My unofficial list of the most popular NBC Thursday night sitcoms is as follows (noting that a couple of these also spent some time on other nights): Wings, Cheers, Frasier, The Cosby Show, Family Ties, Will & Grace, Mad About You, Friends and Seinfeld. The networks have tried on several occasions to take stars from those shows and recapture the magic of those successful sitcoms, and most of those occasions, they have failed miserably. Most recently, they failed with Michael J. Fox’s The Michael J. Fox Show and Sean Hayes’ Sean Saves the World, two of the ten shows that NBC has cancelled on Thursday nights since Community premiered.
In fact, the top ten failures are so bad that shows liked Cursed with Steven Weber and Cosby Mysteries with Bill Cosby don’t even make the list because they survived longer than the 10 below.
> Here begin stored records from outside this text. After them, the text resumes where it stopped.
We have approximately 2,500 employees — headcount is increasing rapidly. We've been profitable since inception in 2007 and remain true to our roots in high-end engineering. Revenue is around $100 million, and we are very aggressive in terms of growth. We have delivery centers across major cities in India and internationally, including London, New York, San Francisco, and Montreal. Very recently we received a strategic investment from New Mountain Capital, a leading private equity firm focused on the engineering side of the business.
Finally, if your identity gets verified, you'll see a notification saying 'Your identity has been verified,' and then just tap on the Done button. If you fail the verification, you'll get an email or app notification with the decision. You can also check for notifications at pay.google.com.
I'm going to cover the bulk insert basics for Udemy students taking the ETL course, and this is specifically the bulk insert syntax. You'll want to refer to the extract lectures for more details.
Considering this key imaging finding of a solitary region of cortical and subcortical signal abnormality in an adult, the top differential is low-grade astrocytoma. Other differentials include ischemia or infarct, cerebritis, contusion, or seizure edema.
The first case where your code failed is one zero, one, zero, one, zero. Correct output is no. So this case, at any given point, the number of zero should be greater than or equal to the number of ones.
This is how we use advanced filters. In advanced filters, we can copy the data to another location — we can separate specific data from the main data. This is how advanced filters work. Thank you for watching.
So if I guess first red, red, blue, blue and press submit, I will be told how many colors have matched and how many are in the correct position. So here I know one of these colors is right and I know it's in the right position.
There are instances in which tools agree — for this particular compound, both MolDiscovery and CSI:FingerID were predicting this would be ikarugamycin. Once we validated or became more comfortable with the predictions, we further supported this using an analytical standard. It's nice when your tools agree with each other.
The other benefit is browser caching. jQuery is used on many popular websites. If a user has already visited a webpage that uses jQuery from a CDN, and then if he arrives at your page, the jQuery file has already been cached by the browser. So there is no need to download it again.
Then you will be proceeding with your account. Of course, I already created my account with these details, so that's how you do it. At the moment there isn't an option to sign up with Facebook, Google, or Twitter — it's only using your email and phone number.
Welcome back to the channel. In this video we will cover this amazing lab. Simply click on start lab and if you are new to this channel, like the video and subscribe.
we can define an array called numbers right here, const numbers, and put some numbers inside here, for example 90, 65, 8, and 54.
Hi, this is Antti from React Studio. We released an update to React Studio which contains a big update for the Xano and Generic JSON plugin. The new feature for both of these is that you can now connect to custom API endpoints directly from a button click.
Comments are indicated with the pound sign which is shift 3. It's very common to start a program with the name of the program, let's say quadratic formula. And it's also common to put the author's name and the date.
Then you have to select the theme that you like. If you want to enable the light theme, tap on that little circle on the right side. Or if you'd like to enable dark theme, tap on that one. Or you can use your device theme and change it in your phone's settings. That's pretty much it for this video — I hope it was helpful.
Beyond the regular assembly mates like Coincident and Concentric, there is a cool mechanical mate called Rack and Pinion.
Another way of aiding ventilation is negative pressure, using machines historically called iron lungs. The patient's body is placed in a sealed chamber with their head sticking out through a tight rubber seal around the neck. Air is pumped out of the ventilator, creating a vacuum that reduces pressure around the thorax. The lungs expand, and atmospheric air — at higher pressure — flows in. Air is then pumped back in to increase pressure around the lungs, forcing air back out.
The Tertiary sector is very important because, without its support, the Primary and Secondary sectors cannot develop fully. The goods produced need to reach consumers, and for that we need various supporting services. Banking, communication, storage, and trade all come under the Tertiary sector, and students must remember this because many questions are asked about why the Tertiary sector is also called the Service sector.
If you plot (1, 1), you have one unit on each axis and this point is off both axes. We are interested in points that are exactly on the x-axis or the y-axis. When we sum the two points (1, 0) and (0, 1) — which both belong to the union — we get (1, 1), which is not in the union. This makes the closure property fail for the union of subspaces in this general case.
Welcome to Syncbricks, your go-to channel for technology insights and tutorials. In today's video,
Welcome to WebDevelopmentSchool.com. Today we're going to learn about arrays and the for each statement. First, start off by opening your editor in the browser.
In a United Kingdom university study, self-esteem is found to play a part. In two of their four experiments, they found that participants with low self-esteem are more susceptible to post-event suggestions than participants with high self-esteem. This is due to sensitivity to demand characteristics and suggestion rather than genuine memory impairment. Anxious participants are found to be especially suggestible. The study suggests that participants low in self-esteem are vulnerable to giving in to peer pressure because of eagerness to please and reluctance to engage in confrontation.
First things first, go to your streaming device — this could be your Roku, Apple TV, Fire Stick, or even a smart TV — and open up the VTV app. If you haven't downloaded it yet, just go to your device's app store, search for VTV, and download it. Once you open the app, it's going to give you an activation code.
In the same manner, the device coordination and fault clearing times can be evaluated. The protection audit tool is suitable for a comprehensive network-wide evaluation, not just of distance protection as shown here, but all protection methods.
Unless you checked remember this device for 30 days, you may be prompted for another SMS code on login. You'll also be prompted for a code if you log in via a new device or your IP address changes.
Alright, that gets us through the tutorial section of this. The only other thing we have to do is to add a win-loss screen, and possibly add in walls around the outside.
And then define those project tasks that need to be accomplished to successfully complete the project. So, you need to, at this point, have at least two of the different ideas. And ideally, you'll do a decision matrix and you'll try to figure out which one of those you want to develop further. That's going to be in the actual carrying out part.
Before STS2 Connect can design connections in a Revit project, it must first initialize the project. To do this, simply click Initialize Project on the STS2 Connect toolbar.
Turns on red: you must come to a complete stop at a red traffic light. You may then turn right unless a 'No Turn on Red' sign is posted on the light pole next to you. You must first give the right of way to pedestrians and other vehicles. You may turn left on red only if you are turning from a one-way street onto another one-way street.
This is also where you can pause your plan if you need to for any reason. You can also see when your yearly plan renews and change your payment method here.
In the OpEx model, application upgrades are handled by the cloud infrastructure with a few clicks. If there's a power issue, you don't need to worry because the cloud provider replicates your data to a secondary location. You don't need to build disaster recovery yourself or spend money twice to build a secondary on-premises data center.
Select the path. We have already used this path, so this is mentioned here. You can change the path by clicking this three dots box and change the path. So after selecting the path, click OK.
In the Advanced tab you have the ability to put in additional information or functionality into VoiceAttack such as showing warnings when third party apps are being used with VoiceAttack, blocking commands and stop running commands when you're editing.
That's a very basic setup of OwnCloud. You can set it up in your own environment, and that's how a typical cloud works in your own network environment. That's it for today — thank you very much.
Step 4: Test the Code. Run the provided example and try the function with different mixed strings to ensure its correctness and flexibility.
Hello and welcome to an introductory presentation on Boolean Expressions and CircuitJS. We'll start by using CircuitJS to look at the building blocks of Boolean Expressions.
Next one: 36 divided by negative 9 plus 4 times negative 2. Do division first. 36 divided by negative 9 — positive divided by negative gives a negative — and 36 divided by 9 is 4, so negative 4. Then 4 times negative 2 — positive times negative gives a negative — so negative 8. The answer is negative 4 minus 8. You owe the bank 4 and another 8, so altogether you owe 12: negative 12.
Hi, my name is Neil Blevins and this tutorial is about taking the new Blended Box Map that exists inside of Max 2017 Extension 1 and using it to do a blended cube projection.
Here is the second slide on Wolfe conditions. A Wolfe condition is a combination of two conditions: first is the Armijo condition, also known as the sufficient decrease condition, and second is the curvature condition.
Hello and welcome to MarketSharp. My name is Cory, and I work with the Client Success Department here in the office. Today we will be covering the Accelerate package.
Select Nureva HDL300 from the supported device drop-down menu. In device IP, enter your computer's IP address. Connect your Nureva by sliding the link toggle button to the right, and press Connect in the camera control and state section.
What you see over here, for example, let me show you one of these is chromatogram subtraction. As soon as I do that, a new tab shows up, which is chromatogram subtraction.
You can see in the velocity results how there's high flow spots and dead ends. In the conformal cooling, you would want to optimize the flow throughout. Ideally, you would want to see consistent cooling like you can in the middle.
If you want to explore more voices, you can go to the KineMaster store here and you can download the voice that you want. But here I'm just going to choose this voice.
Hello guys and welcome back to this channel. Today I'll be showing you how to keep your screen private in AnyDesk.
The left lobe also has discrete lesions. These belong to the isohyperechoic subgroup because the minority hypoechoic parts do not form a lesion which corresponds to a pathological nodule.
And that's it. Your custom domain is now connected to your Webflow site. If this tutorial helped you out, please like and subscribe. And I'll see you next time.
Hell, one of the most talked about failures of the Must See TV era, Joey, survived a full two seasons, which is a huge success compared to these ten.
Below I’ve ranked the ten biggest busts starring the biggest stars of the Thursday Night Must See TV era. They’re ranked in order of the number of episodes they aired before they were cancelled.
10. Sean Saves the World (2013) (Sean Hayes, Will & Grace) — Terrible show about a gay single father trying to raise his daughter and continue his career, the series was cancelled two weeks ago after airing only 13 episodes after its audience dipped to 2.5 million viewers.
9. Mr. Sunshine (2011) (Matthew Perry, Friends) — Matthew Perry has actually had three failed series (Go On and Studio 60 on the Sunset Strip both made it full seasons), and like the other two shows, Mr. Sunshine actually wasn’t a bad show at all (and Allison Janney’s drunk boss character was phenomenal). Nevertheless, the series — about an operations manager for a second-tier arena in San Diego — managed only 13 episodes before ABC sh*tcanned it.
8. The Michael Richards Show (Michael Richards, Seinfeld) (2000) — Reteaming with three of his Seinfeld writers, Michael Richards created a sitcom built around what was essentially Kramer as a clumsy private detective. Airing on Tuesdays, critics hated it, and audiences quickly abandoned it. It was cancelled after 8 episodes.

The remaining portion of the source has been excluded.